On Mar 20, 9:09 am, eyuc...@gmail.com wrote:
> Hi all,
>
> I was having problems on making 2D interpolations on irregular data
> points. I read the past posts on this news group, I read the articles
> in David's website, and I read Ken's sample chapter on this subject.
>
> However, there are still some aspects that I would like to ask about.
>
> 1. Is it possible to construct an irregular data interpolation scheme
> that reduced to bilinear interpolation at the limit of regular grid?
>
> Let me elaborate on this a little bit: The interpolation schemes for
> regular grids all take the neighboring 4-pts to do the job, whereas
> that for irregular grids takes only 3. Sometimes, we do have cases
> where the grid is just slightly distorted and a reasonable 4-pt
> interpolation *seems* possible.(namely, it is possible to define the
> "neighboring four points," and one starts to wonder if a 4-pt scheme
> is superior than the 3-pt scheme.
>
> If 3-pt scheme is superior, then we shouldn't be using 4-pt scheme
> even in the case of regular grids. If 4-pt scheme is better, there
> should be a way to do 4-pt irregular interpolation, at least when some
> conditions are met, right?
>
> 2. There is a very good property about 1D linear interpolation, which
> can be shown as follows:
>
> IDL> x=dindgen(5)
> IDL> y=[1.2,3.2,4.5,6.1,6.2] ; just some arbitrary irregular spaced
> data.
> IDL> plot, x, y
> IDL> print, interpol(y,x,2.1)
> 4.6599998
> IDL> print, interpol(x,y,4.6599998)
> 2.0999999
>
> that is, INTERPOL(x,y,INTERPOL(y,x,?))=? (? is just any number or
> vector.)
> I believe this really lies in the fact that the inverse of linear
> transformation is still a linear transformation. Therefore, a linear
> mapping from x to y is the inverse of the linear mapping from y to x.

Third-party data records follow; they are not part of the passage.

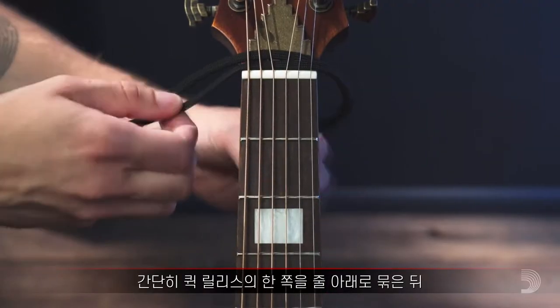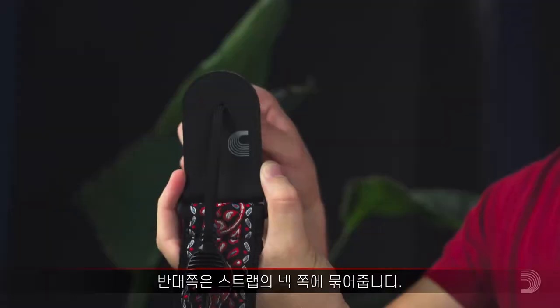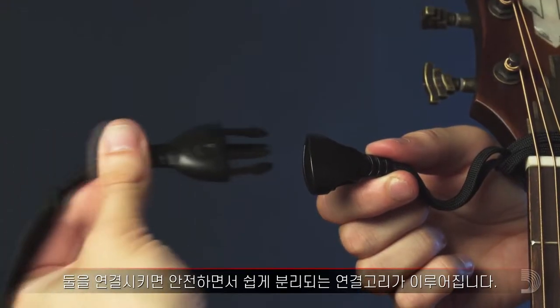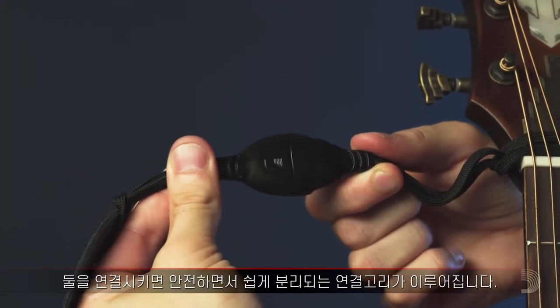Just loop one end of the quick release buckle under your strings, and the other through the neck of your strap. Then click them together for a secure, yet easily detachable connection.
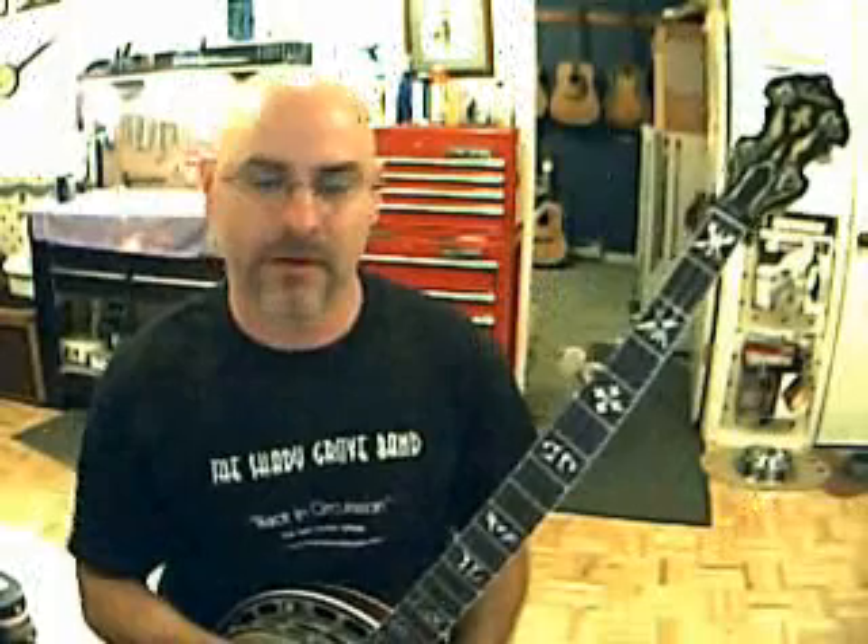I'm back with another lick of the week. This is Banjaphobic again. This is going to be the last lick for the month of June.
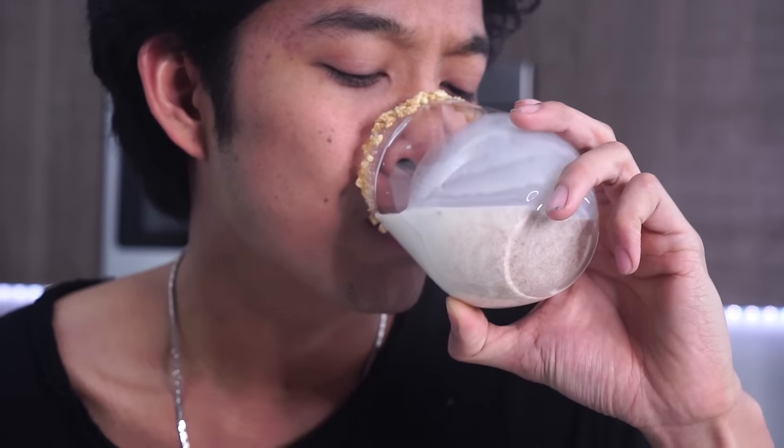And now it's time for Cinnamon Toast Crunch. Oh my gosh — the bubbles and the cinnamon flavor is just everywhere right now on the lip of it. This is probably the best breakfast you can have — just take it together. Like, eat the cereal and drink your vitamin D milk at the same time.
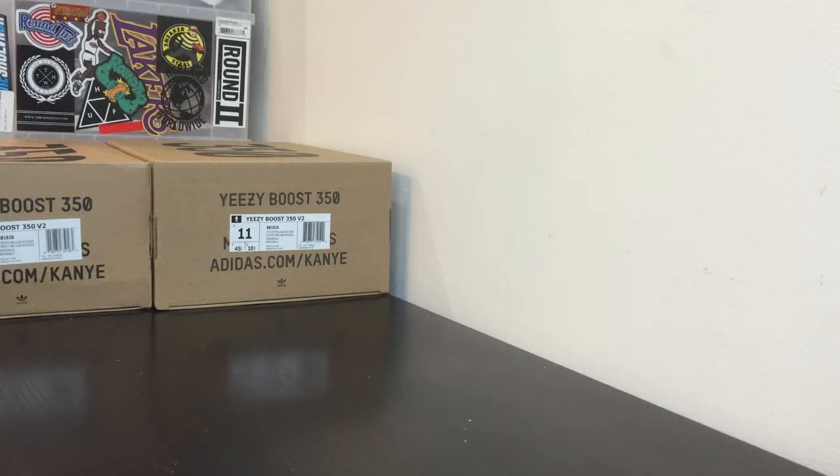What is up YouTube? This is FreshKicks23 checking in once again with another video. As you guys can see we have two different boxes of Yeezy Boost 350 V2, and this video will be a how-to on telling the difference between the real and fake Yeezy 350 V2 Belugas. This video will be a comparison between the fake and real pair, so let's get into it.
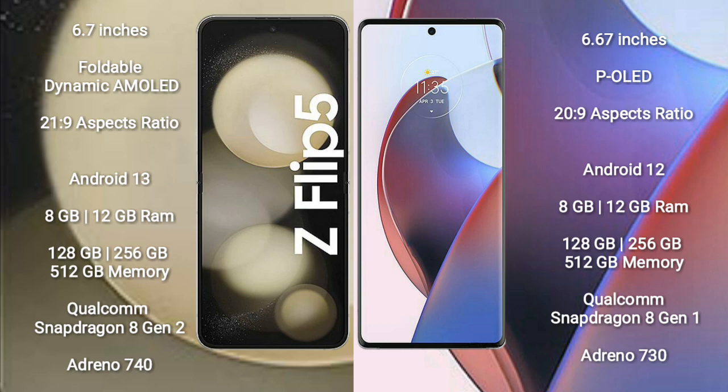Samsung Galaxy Z Flip 5 runs on the Android 13 operating system. Motorola S30 Ultra runs on the Android 12 operating system.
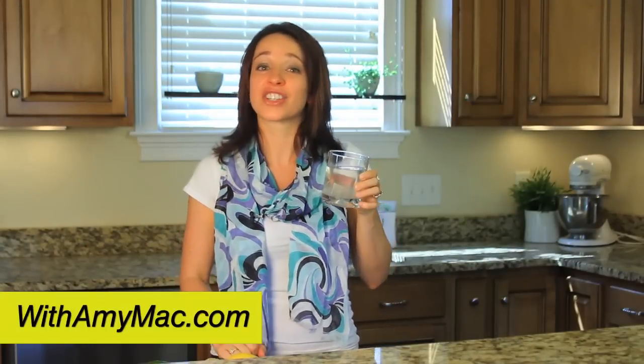Well, there you have it. Easy, delicious, healthy water that will help your body run as well as it can. Find more information at WithAmyMac.com. Stay fit and be well.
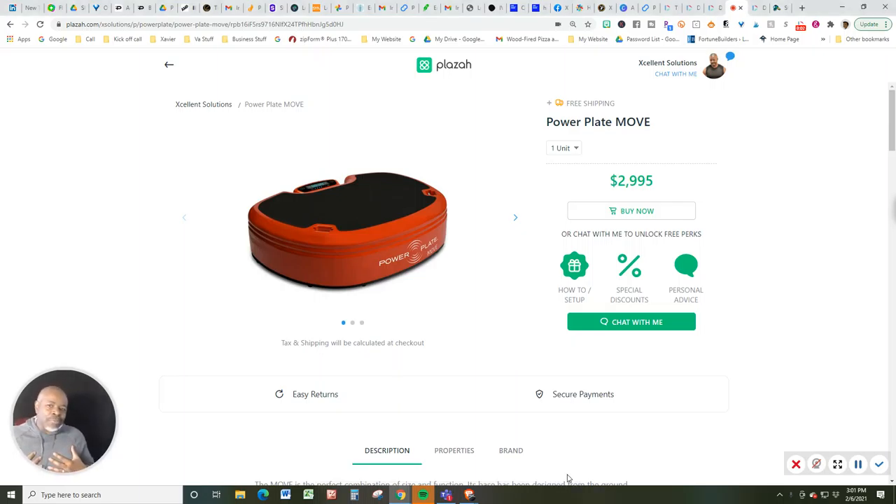Hey, what's happening viewer? Xavier Smith here, aka Coach X. I just did a live stream video on my YouTube channel and also on my Facebook channel, and I totally skipped out on telling the story about this unit right here.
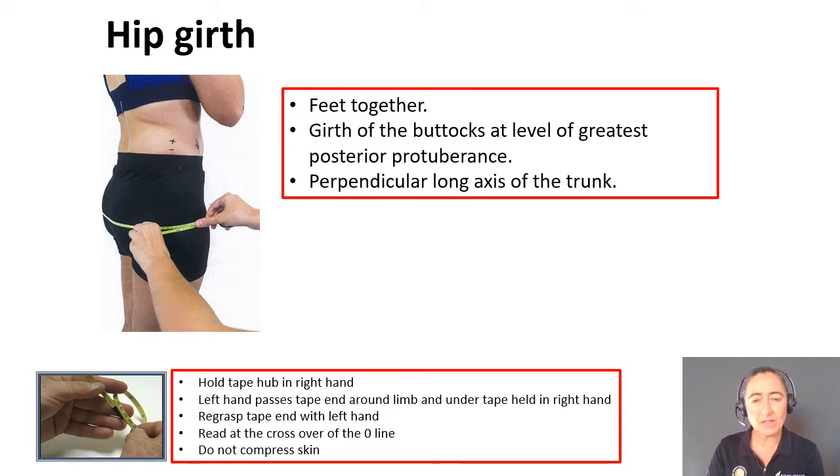For the hip girth, ensure that your participant stands with their feet together. We're looking for the girth at the buttocks at the greatest protuberance in the posterior direction, and the tape needs to be perpendicular to the long axis of the trunk. Ensure you use the crossover technique and refer to the previous video on how to create that technique successfully.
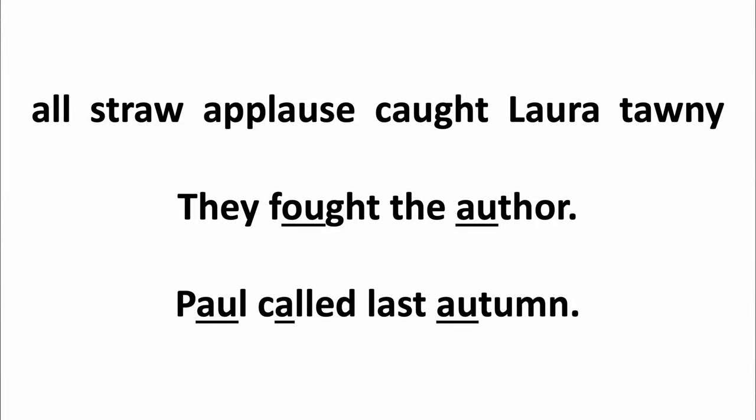Let's try some more: owl, straw, applause, cow, Laura, tawny. 'They fought the author.' 'Paul called last autumn.' Awesome.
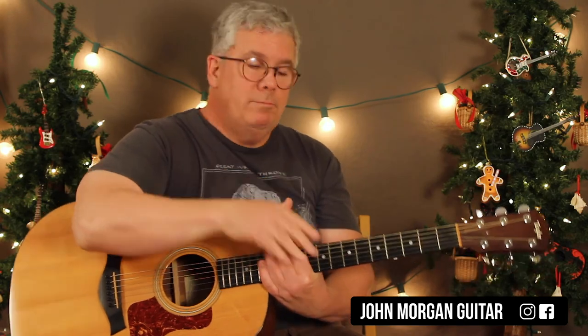Any questions, comments down below? Have a Merry Christmas, and please subscribe. Play more guitar.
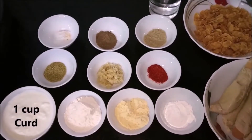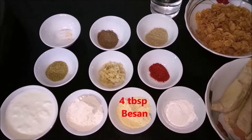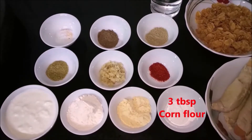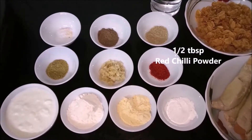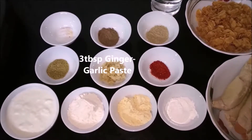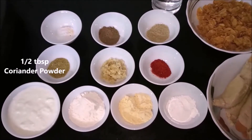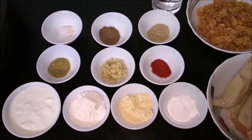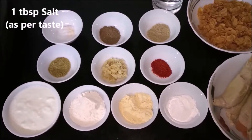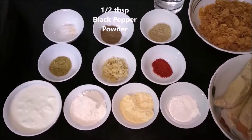We need 1 cup of curd, 4 tbsp of maida, 4 tbsp of besan, 3 tbsp of corn flour, 1 tbsp of red chili powder, 2-3 tbsp of ginger garlic paste, 1 tbsp of coriander powder, 1 tbsp of garam masala, 1 tbsp of salt and 1 tbsp of black pepper powder.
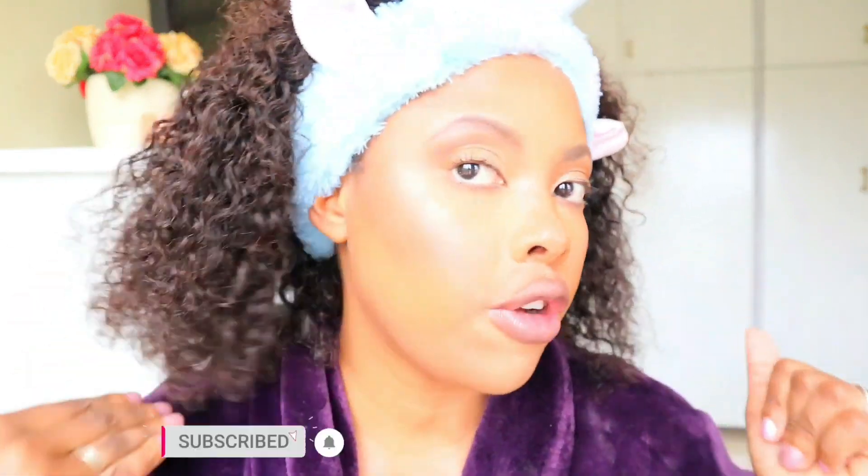Hello, hope you guys are good. Good evening — I'm filming at night. I am doing my nighttime skincare routine, including how I remove my makeup. As you can see, I've got a full face of makeup. I'm going to show you how I remove my makeup and the products I'm going to be using. Let's get into the video.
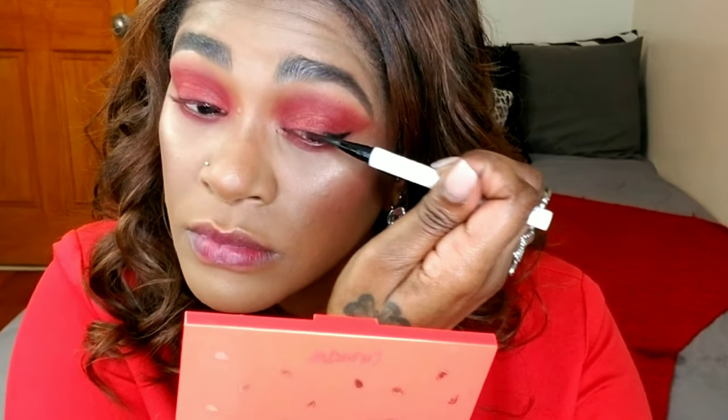I'm going over the edges again with that transition shade I started with, blending everything together so it's all diffused nicely. Then I took a shimmer metallic color from the ColourPop palette and popped it a little bit over my lids.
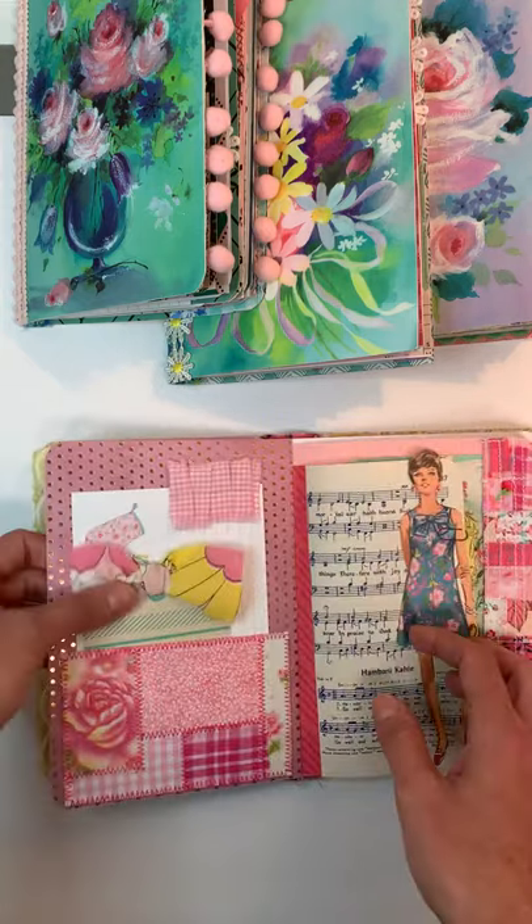Now I'll show you the three smaller journals. These measure about six and a half by four and a half. The first one has a floating pocket with some little goodies — some playing cards, a Rolodex card, and a jukebox card — and you can journal on the back. There's a vintage recipe card, some of my patchwork fabric trim, another recipe card, a playing card, and a catalog card. There's also the sewing lady.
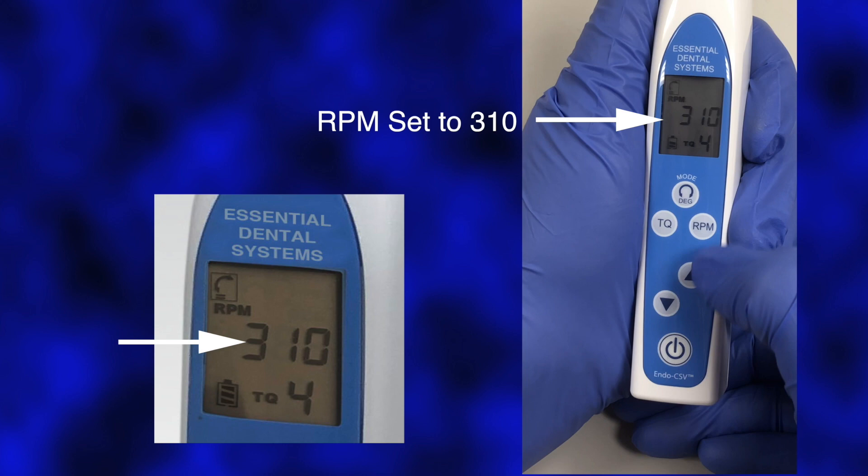Press the RPM setting button, then select between nine RPM level settings by pressing the up-down selection buttons until the desired level is selected. Select an RPM of 310 for use with the SafeSiders HF instruments.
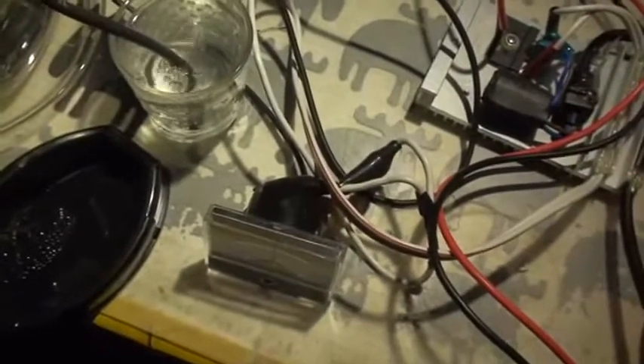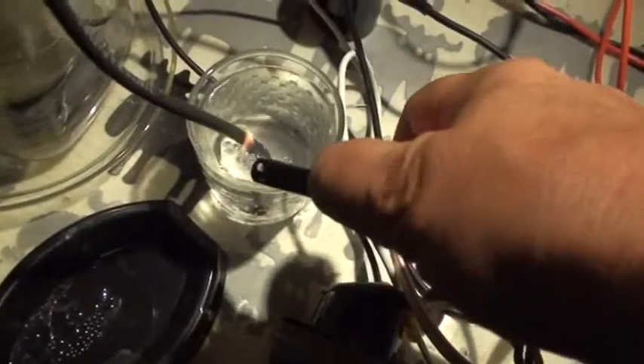I put it in the glass here — it is boiling. And I will now put some light on it. It is HHO. It is a mixture of HHO and vapor. And the idea is, of course, to put this in a four-stroke engine.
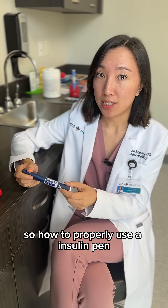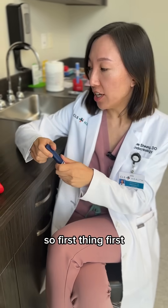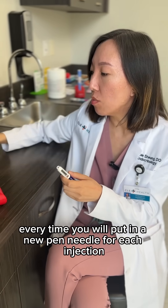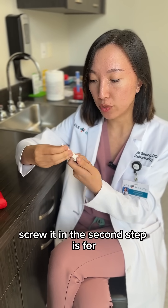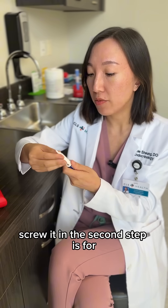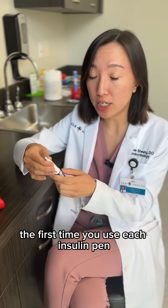How to properly use the insulin pen. First thing first: every time you will put in a new pen needle for each injection and screw it in.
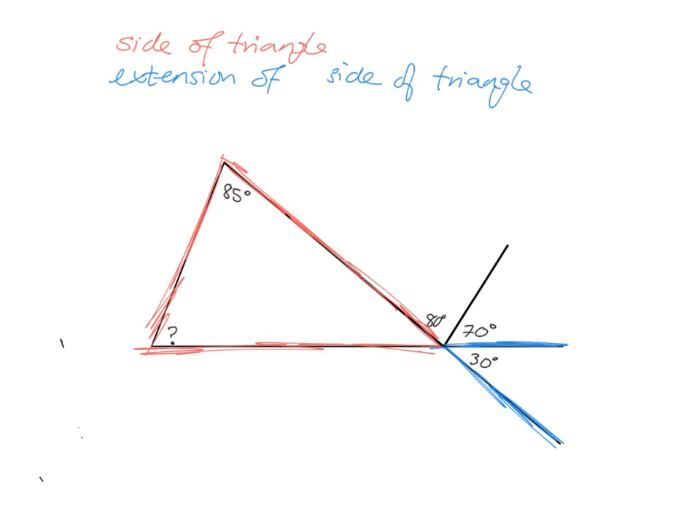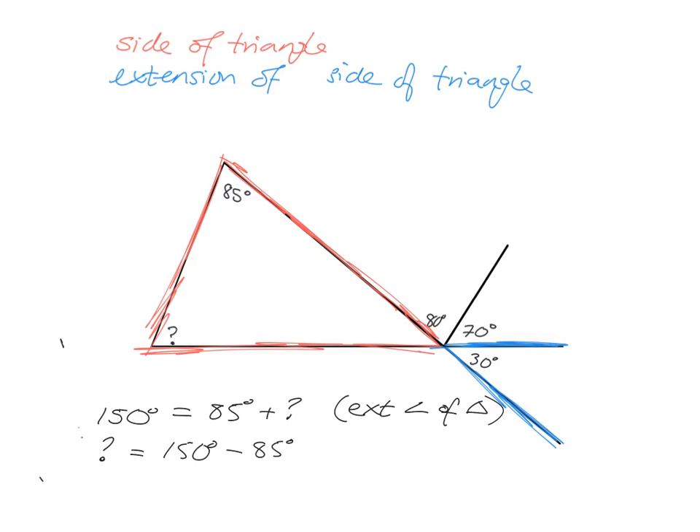Now I can see that between the blue and the red is the exterior angle, which is the whole thing — 80 and 70 put together makes 150. So the exterior angle is 150. We can then say 150 equals 85 plus the unknown angle, using the reason: exterior angle of a triangle. So the unknown angle is 150 minus 85, which gives us 65.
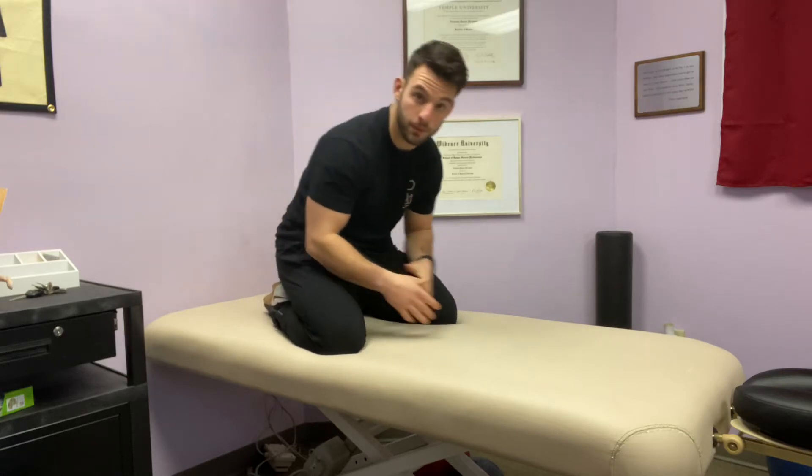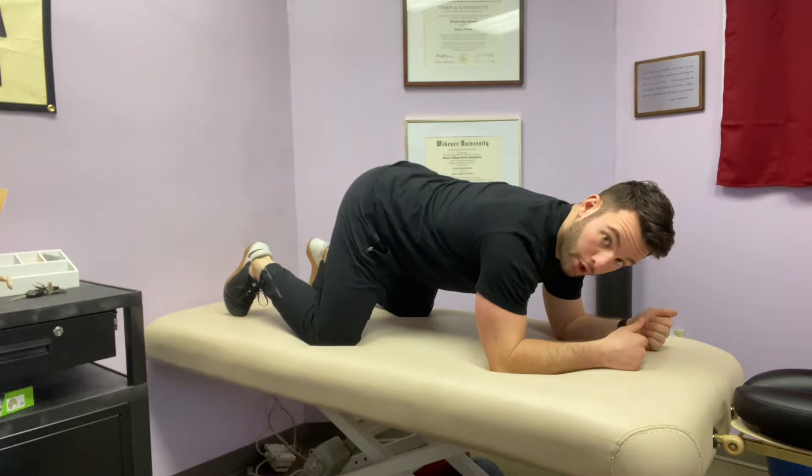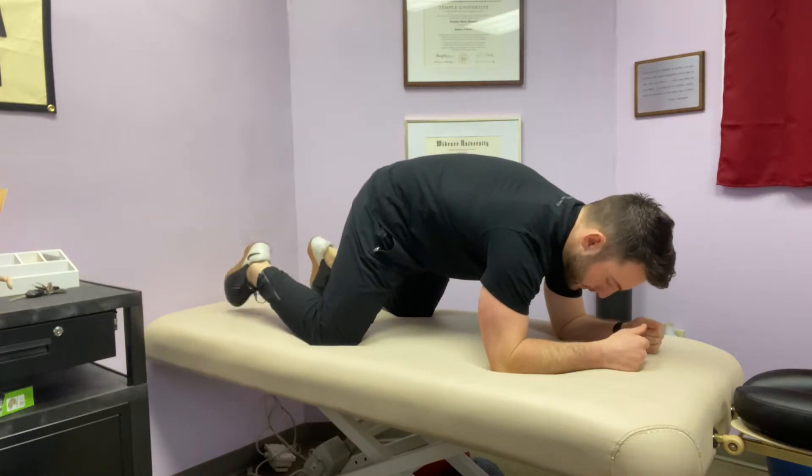This is the quadruped plank drill. We'll start on our hands and knees. We're going to think about bringing our belt buckle under, or rounding the low back. This is our hip tuck.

> (you can add a /spline keyword and INTERPOL(x,y,INTERPOL(y,x,?))=?
> won't be true anymore)
>
> Thus, I can claim that linear interpolation in 1-D is a good scheme
> (even better than spline) in the sense that I can answer the question
> "what x should I use in order to get y?" in a relative simple way when
> I use IDL. (if you use spline, then you'll probably need to solve for
> a cubic equation to get the job done)
>
> In 2D case, what is the corresponding "good scheme" ? My intuition
> tells me that the answer is the TRIGRID method, but I would like to
> discuss with you guys before I feel too certain about it. (Or, shall
> we suggest ITT built a "backtrace" keyword in all their interpolation
> routines?)
>
> 3. What is the real difference between INTERPOLATE and BILINEAR? It
> seems to me that INTERPOLATE can do everything BILINEAR does, with
> more accuracy.
>
> 4. What is the real difference between GRIDDATA and TRIANGULATE
> +TRIGRID? Does the capability of GRIDDATA covers TRIGRID?
>
> 5. In GRIDDATA, there is an option "/linear," However, I wonder what
> does linear means when we only have 3 neighbouring points?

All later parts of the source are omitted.